Just my two cents’ worth. YMMV.
In any event, I am blessed to be in a solidly orthodox diocese where all the old traditions are coming back…and many never went away in the first place. (I could live without the lace vestments, though. :p)
Here is the source for the Msgr. Mannion quote:
http://www.catholicculture.org/culture/library/view.cfm?recnum=121
Actually what occured is the removal of some awfully bad art and its replacement has been slow since good art is always difficult to come by. I have yet to see a Catholic church that does not have statues of Mary, St Joseph and patronal saints. All have candle stands etc; and, in some places, quite a few parishioners kiss the feet of the statues etc;. Icons are also becoming prevalent.
As someone once said, “Just because it’s “sacred” art doesn’t mean it’s “good” art.”
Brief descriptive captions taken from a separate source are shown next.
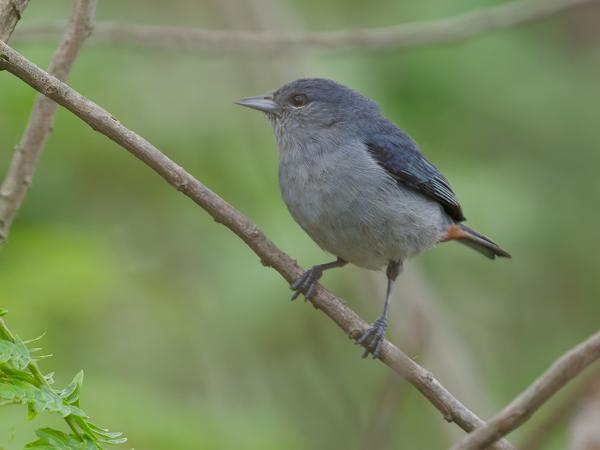 Roodbuikspitssnavel (Conirostrum speciosum)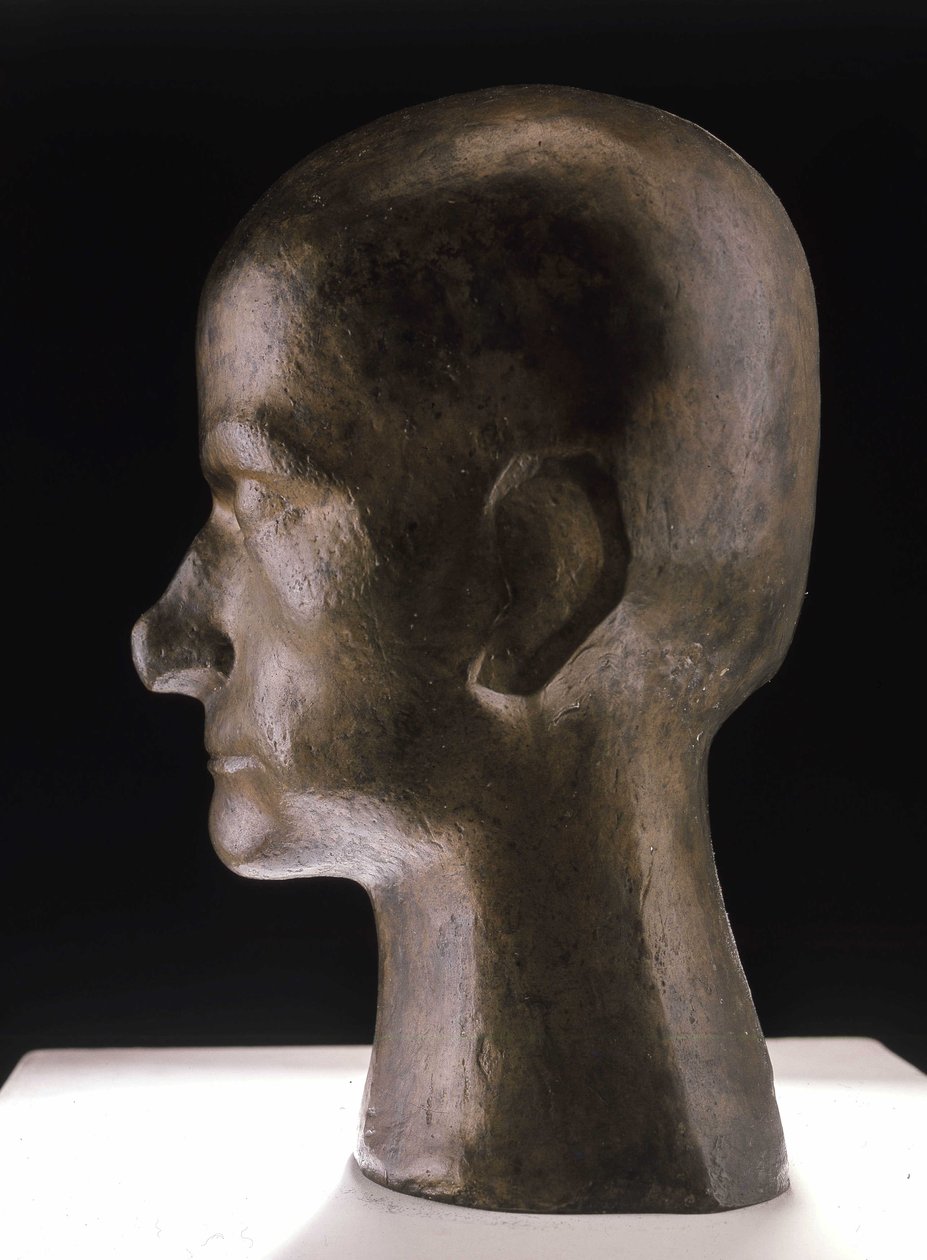 Busta Baudelaira, bronz od Pierre Maurice Raymond Duchamp Villon
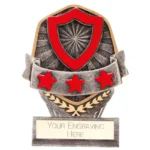 Falcon School House Red Award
evagrius — you have a point, and I would tend to agree. I do have a soft spot for that sappy old-fashioned religious art, though. You should see our parish’s life-size plastic statue of Our Lady of Guadalupe. :) (It was a gift from a local Mexican grocery. It’s kind of grown on me.)
For the record, I have always hated those Sacred Heart pics that make Jesus look like a rosy-cheeked bearded girl.
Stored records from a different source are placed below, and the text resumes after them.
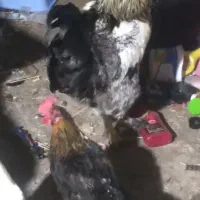 خروس نژادار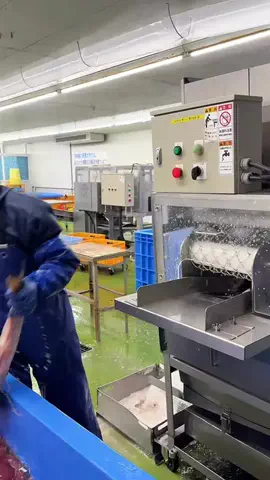 HAMONI JAPANのTikTok投稿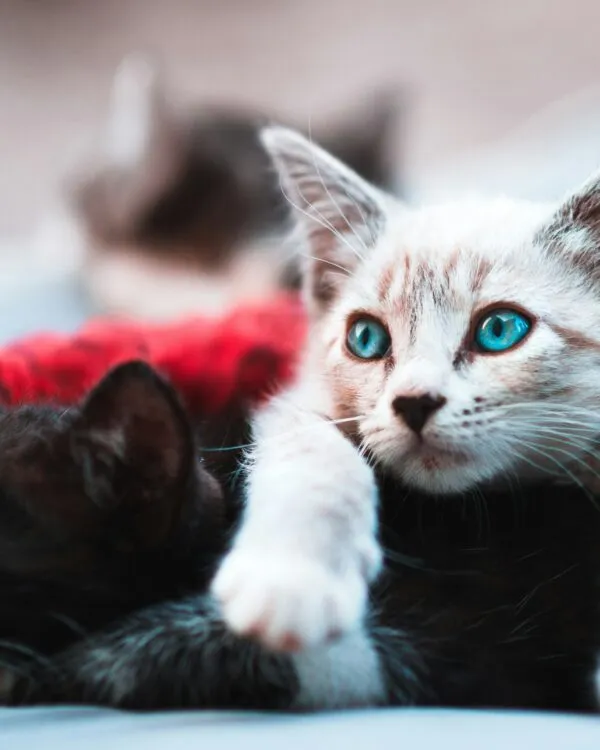 garde de chats à Balma et ses environs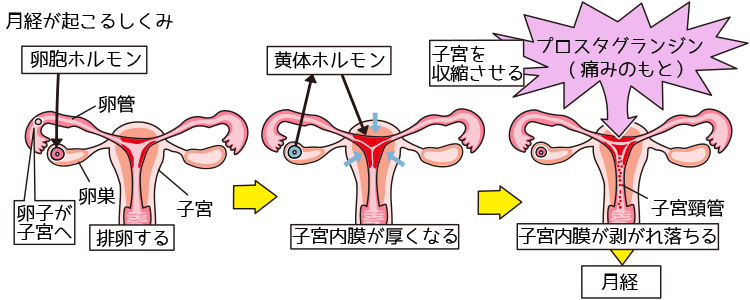 月経が起こるしくみイラスト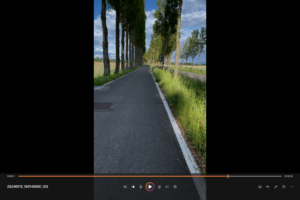 Auf der Insel Reichenau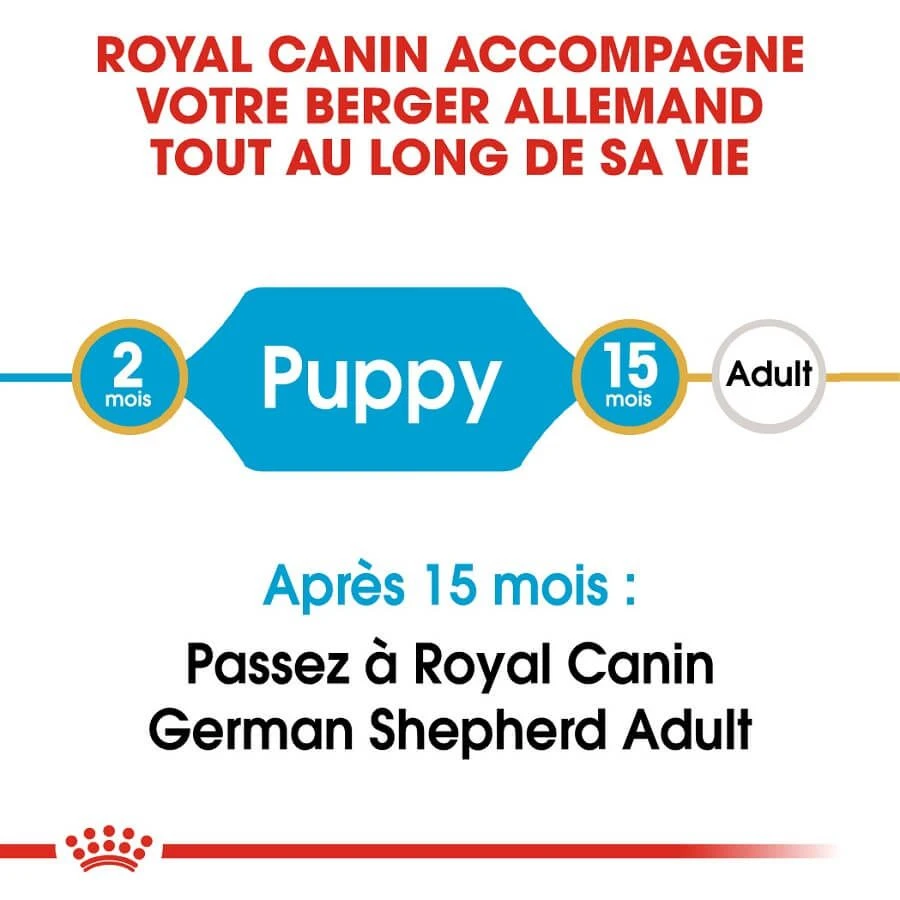 Royal Canin Berger Allemand Puppy 3 Kg - Image 2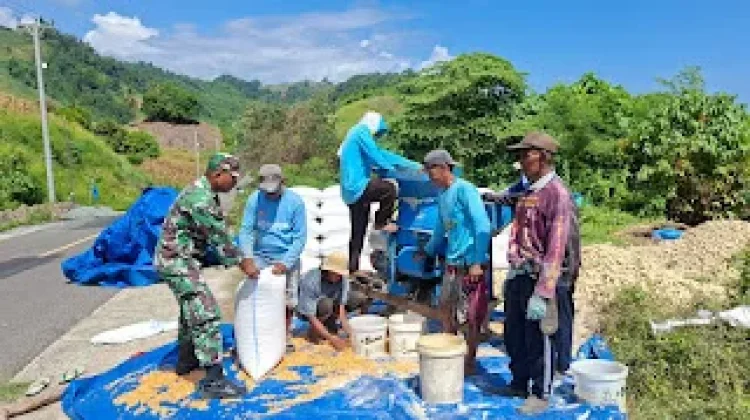Babinsa Paleleh Dampingi Petani Rontok Jagung di Buol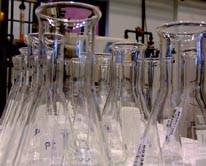 La Ley de Investigación Biomédica se enfrenta a vacíos legales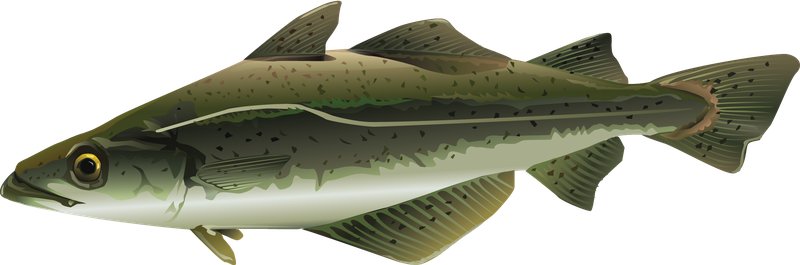 This is an illustration of a pollock fish.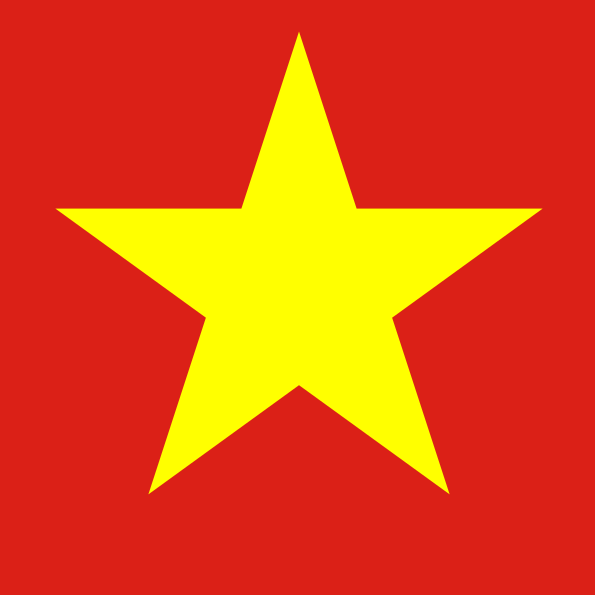 越南电商小包COD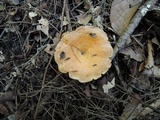 Lactarius croceus image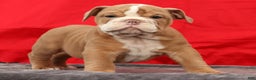 English Bulldog dogs for sale: Sam - Ad 3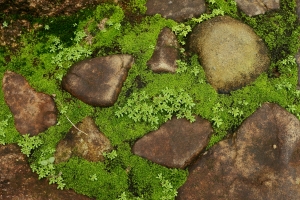 moss and rock wall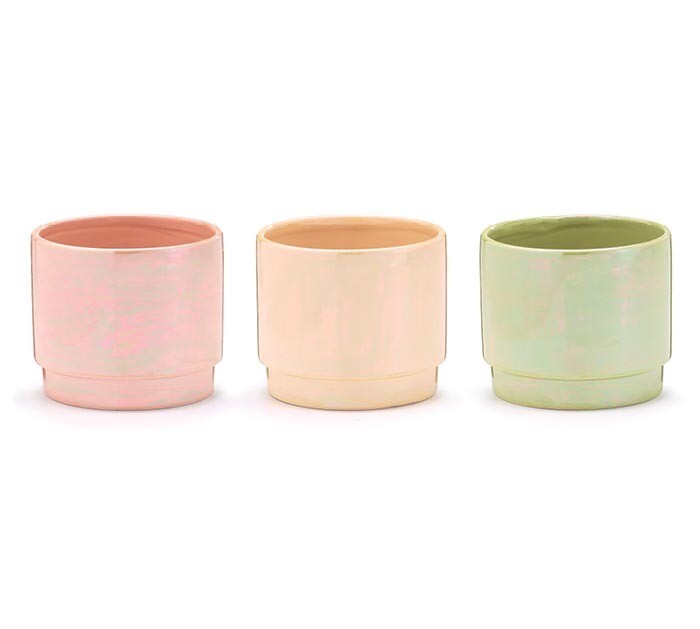 Spring Iridescent Planters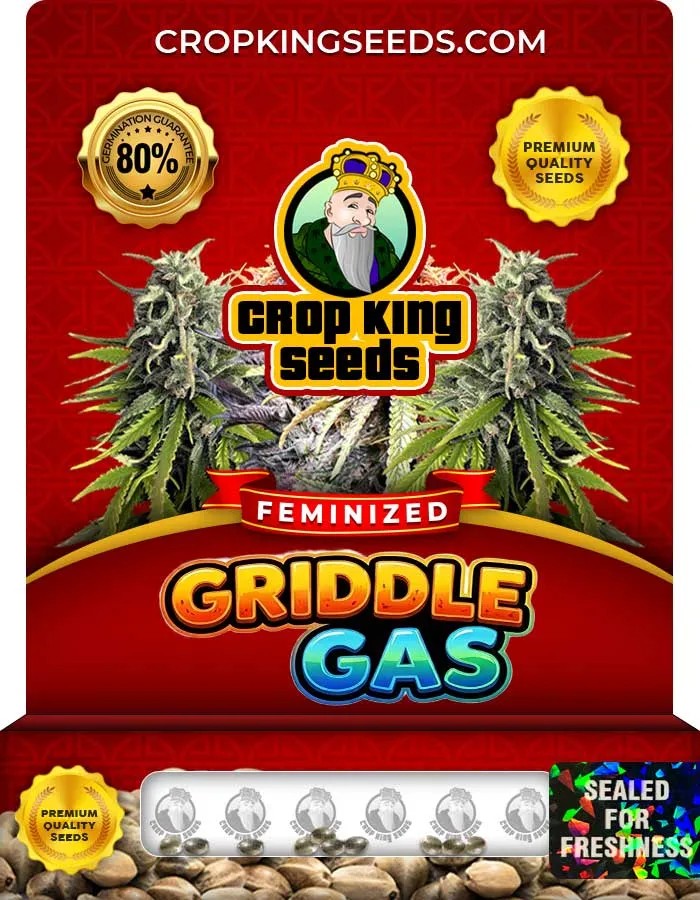 Griddle Gas Strain Feminized Seeds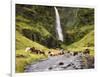 Waterfall Horses II-PHBurchett-Framed Photographic Print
Given the remarks about sacred art, ( I too have a soft spot for sentimental art but it still doesn’t quite do the trick, so to speak), and Maronites, ( fascinating debate- I never realized it was that complicated but then, politics does have a way of making things more difficult), does anyone have any thoughts on the actual point of the lecture?
It seems to me that it runs counter to what the chap,( Skedros), was arguing in the other seminar. Kolbaba is arguing something more intriguing. It seems to me that she’s stating that the definition of “Byzantium” as “Hellenic” ( and therefore totally, purely “Orthodox”), happened quite a bit before the Fourth Crusade, ( the event that always pops up in any debate between “East” and “West”).
If she’s correct, then there has to be a more extensive examination of what happened.
“It seems to me that she’s stating that the definition of ‘Byzantium’ as “Hellenic” ( and therefore totally, purely ‘Orthodox’), happened quite a bit before the Fourth Crusade, ( the event that always pops up in any debate between ‘East’ and ‘West’).”
Interestingly, that is one of the major contentions of a book which I’ve had for years, but only read from beginning to end last week: *The Making of Byzantium 600-1025* by Mark Whittow (1996). He argues in the last two chapters that the “geopolitical” circumstances of the Middle East from ca. 950 onwards for about a century had made it possible for the Byzantines to reconquer, had they wished to do so, all the lands lost to Islam in the Seventh Century, or at least Syria, Palestine, much of Mesopotamia and the entire area of Armenia and “Iberia” (modern Azerbaijan) — and that it is clear that from the time of Basil II’s majority ca. 985 they clearly did not wish to do so, and deliberately avoided doing so.
Why they “did not wish to do so” reflects, in his view, a persistent conflict between Constantinople and Constantinople-orientated elite social and political groups, on the one hand, and “eastern frontier families and aristocrats,” on the other, who would have profited both financially and politically from such expansion. Underlying this conflict was the fear and loathing of the former group (who might be identified broadly with those whom Prof. Kolbaba terms “the Guardians of Orthodoxy”) of the prospect that the bringing into the Empire of Muslims, Jews and even more heterodox Christians such as the Armenians, Syrian “Jacobites” and the like would imperil the purity of “the God-protected Empire of Orthodox Christians” — plus the fact that many of these “eastern frontier families” were themselves Armenian or of Armenian origin.
Whittow’s book is well worth reading, and cheap copies can be had on Abebooks.com or Amazon.com.
It seems to me that the question then revolves around ” identity theology”, ( somewhat like the “identity poltics” of recent times).
This would be a counterpart to Charlemagne’s efforts.
This is something that needs to be explored further by some competent, objective scholars.